Post-1-Newtonian tidal effects in the gravitational waveform from binary inspirals

TL;DR

This paper models the gravitational waveform from binary neutron star inspirals, including post-1-Newtonian tidal effects, to improve the accuracy of internal neutron star physics extraction from gravitational wave data.

Contribution

It provides a comprehensive calculation of tidal effects at post-1-Newtonian order, enhancing waveform models for neutron star inspirals.

Findings

Post-1-Newtonian corrections increase tidal signal by ~20% at 400 Hz.

The model accounts for all effects at this order in both dynamics and wave generation.

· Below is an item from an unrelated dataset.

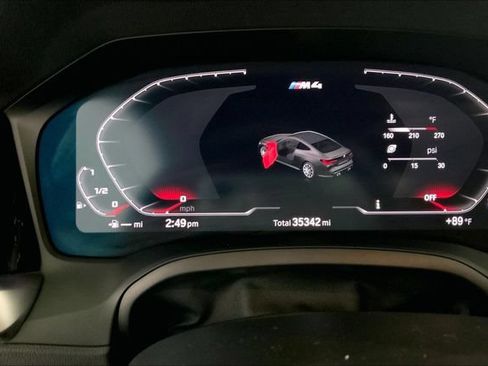Used 2021 BMW M4 Coupe RWD image 9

Linear quadrupole approximation used for neutron star tidal interactions.

Abstract

The gravitational wave signal from an inspiralling binary neutron star system will contain detailed information about tidal coupling in the system, and thus, about the internal physics of the neutron stars. To extract this information will require highly accurate models for the gravitational waveform. We present here a calculation of the gravitational wave signal from a binary with quadrupolar tidal interactions which includes all post-1-Newtonian-order effects in both the conservative dynamics and wave generation. We consider stars with adiabatically induced quadrupoles moving in circular orbits, and work to linear in the stars' quadrupole moments. We find that post-1-Newtonian corrections increase the tidal signal by approximately 20% at gravitational wave frequencies of 400 Hz.